Government pension agency braces for effects of recession


WASHINGTON (AP) — The deepening recession spells trouble for a little-known government corporation that insures the pensions of 44 million workers and retirees.

The Pension Benefit Guaranty Corp. already has an $11 billion deficit that seems sure to grow larger as Corporate America suffers through the worst economic crisis since the Great Depression.

With companies reporting shortfalls in their pension funds, it’s all but certain that the PBGC will be forced to take over the pension plans of a rising number of bankrupt businesses.

That means more red ink at the corporation before things possibly can improve.

The future financial health of the agency is hard to forecast. It is hinged on interest rates, the length of the recession and the PBGC’s own luck in playing the market, where it has billions invested.

The agency has $63 billion in assets. But it is obligated to spend $74 billion on pension benefits in the coming years. The PBGC might have time to rebound, but over the long term it might become insolvent and require a bailout.

“Someday — probably more than 20 years from now — there’s a significant chance that somebody is going to have to pay the piper,” said former PBGC Director Charles E.F. Millard, a Bush administration appointee who stepped down Jan. 20 when Barack Obama became president. “In the near- to medium-term, there will be no need for a bailout of PBGC.”
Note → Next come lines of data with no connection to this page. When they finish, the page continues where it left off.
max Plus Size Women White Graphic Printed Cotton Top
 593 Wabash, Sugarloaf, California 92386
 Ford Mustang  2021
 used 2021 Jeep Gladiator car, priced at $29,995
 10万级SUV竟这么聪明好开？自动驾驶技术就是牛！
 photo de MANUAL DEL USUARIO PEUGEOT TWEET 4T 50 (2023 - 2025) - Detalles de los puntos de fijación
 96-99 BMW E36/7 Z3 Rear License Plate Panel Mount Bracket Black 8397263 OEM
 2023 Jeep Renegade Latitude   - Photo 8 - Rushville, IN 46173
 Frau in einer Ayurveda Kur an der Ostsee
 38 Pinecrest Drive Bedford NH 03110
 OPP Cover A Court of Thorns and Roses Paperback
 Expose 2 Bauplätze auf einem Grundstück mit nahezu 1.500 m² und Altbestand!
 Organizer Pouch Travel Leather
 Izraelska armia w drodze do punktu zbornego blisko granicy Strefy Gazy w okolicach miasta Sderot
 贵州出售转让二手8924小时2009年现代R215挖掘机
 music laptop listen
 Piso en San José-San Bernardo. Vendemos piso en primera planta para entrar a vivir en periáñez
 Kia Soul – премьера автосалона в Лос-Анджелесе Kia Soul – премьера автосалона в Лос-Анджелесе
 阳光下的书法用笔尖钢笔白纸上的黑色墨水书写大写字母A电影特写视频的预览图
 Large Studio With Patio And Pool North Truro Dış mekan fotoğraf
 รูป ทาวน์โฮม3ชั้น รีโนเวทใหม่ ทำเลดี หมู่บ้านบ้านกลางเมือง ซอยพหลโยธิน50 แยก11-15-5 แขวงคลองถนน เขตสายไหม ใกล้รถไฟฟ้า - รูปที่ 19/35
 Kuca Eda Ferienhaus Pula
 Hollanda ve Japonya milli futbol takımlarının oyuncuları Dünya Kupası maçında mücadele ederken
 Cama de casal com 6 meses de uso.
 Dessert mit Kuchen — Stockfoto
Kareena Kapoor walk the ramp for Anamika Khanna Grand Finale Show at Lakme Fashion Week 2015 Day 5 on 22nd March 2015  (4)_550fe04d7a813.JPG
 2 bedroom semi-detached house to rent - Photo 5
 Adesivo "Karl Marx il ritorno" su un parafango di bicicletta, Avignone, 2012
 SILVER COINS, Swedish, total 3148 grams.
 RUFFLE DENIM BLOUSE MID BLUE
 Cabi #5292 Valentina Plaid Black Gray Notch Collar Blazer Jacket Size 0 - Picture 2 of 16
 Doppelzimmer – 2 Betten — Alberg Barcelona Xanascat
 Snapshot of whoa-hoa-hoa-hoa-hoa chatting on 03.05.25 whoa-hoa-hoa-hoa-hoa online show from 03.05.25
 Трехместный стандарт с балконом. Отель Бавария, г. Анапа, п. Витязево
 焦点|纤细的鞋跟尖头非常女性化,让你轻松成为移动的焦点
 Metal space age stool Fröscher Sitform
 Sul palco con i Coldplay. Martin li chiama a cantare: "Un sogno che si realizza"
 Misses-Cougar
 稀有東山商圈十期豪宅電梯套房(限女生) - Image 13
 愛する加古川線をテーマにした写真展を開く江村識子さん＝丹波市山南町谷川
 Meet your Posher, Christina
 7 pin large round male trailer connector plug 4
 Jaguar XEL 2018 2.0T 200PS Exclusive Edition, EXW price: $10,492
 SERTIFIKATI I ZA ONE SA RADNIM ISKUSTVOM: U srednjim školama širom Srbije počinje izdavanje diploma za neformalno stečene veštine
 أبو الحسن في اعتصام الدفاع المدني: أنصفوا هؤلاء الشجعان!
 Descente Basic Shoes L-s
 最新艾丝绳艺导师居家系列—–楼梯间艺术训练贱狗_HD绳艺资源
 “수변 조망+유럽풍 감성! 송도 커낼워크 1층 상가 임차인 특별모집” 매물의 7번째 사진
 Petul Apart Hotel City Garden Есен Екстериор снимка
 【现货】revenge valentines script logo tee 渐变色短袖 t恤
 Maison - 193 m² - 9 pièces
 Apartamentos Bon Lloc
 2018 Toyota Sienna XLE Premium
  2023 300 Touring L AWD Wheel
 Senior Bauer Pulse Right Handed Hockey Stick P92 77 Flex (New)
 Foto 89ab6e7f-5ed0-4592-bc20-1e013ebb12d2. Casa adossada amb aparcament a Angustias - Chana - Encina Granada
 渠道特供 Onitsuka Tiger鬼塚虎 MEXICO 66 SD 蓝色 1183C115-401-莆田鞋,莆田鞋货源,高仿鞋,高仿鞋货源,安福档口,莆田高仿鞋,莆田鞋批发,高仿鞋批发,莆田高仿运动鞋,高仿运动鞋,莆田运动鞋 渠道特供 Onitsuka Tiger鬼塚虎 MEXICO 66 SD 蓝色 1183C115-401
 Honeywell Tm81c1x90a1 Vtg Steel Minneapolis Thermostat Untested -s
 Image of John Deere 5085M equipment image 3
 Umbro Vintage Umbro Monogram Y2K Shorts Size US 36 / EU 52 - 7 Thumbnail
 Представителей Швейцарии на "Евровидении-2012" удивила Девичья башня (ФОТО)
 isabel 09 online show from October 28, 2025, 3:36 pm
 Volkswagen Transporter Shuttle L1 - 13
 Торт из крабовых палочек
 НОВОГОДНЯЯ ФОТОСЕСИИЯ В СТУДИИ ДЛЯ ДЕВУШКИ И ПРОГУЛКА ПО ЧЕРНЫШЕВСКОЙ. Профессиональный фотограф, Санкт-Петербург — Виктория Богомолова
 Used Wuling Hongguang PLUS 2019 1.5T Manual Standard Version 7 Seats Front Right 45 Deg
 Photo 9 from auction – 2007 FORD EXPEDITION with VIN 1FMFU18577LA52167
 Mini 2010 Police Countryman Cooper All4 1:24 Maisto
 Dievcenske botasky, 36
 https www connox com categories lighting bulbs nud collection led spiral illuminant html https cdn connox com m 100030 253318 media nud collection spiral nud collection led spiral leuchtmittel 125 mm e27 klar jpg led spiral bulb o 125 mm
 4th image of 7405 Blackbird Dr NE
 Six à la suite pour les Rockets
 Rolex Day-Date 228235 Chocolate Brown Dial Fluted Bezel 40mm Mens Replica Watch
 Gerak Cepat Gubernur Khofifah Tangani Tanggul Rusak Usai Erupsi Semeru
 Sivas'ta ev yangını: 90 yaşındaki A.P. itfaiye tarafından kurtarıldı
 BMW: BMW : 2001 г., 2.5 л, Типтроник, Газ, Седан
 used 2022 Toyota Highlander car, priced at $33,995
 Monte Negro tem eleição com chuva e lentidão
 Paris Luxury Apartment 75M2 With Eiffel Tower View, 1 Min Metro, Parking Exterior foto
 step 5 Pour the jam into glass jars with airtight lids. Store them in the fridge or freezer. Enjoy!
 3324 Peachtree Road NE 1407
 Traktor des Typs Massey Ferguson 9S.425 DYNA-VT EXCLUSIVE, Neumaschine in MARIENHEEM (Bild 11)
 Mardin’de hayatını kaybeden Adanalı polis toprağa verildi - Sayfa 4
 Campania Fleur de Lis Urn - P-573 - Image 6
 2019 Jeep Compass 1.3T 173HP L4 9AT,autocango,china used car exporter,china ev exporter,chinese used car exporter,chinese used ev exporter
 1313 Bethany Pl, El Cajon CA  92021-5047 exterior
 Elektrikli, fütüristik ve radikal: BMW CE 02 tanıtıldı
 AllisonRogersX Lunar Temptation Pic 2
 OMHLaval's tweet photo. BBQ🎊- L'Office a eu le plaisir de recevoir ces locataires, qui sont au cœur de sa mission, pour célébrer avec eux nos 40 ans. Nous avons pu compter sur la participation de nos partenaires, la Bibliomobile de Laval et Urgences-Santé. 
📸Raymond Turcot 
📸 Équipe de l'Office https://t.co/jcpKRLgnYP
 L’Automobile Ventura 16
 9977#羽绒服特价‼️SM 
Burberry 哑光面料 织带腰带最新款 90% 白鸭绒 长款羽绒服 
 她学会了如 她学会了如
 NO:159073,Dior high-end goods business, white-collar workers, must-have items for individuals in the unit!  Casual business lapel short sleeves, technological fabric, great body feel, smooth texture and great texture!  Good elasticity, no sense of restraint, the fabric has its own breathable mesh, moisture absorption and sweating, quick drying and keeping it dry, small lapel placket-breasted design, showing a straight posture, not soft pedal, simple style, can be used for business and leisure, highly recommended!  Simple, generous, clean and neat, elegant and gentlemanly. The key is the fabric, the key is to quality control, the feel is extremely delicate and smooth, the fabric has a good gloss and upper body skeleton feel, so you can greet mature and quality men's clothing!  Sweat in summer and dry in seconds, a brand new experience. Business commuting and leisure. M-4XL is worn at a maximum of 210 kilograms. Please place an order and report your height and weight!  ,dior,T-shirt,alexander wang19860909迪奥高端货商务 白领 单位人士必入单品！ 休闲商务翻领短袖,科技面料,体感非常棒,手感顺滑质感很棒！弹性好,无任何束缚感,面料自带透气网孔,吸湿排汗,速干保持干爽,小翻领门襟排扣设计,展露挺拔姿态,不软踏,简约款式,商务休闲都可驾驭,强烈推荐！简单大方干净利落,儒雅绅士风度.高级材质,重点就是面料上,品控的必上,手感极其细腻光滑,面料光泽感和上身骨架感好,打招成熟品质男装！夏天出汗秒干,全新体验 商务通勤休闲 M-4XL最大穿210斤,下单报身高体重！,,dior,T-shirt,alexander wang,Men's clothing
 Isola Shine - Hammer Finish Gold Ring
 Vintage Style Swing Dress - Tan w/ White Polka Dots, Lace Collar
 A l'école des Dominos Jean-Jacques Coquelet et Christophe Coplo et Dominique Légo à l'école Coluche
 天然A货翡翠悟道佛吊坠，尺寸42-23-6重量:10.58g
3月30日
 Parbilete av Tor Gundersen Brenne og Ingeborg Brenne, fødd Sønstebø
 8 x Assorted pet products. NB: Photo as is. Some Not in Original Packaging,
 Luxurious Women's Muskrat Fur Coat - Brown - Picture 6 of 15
The PBGC quietly operates in a brick office building a few blocks from the White House. Its fate is important to the workers covered by the more than 29,000 employer-sponsored benefit pension plans it insures, and to all taxpayers who could be asked to foot the bill if its financial picture worsens down the road.

Congress created the PBGC in 1974 to guarantee the retirement security of workers covered by defined benefit pension plans. These traditional plans, which pay a specified monthly benefit at retirement, are being phased out as companies turn to 401(k)-style programs that require workers to make contributions and shoulder investment risks. The PBGC, which receives no tax dollars, gets its money from premiums paid by companies that sponsor the pension plans, along with revenue from its investments.

The corporation’s balance sheet has taken heavy hits in recent years. Nine of the 10 largest pension plan terminations in PBGC’s history, including United Airlines, Bethlehem Steel and Kaiser Aluminum, have occurred since 2001.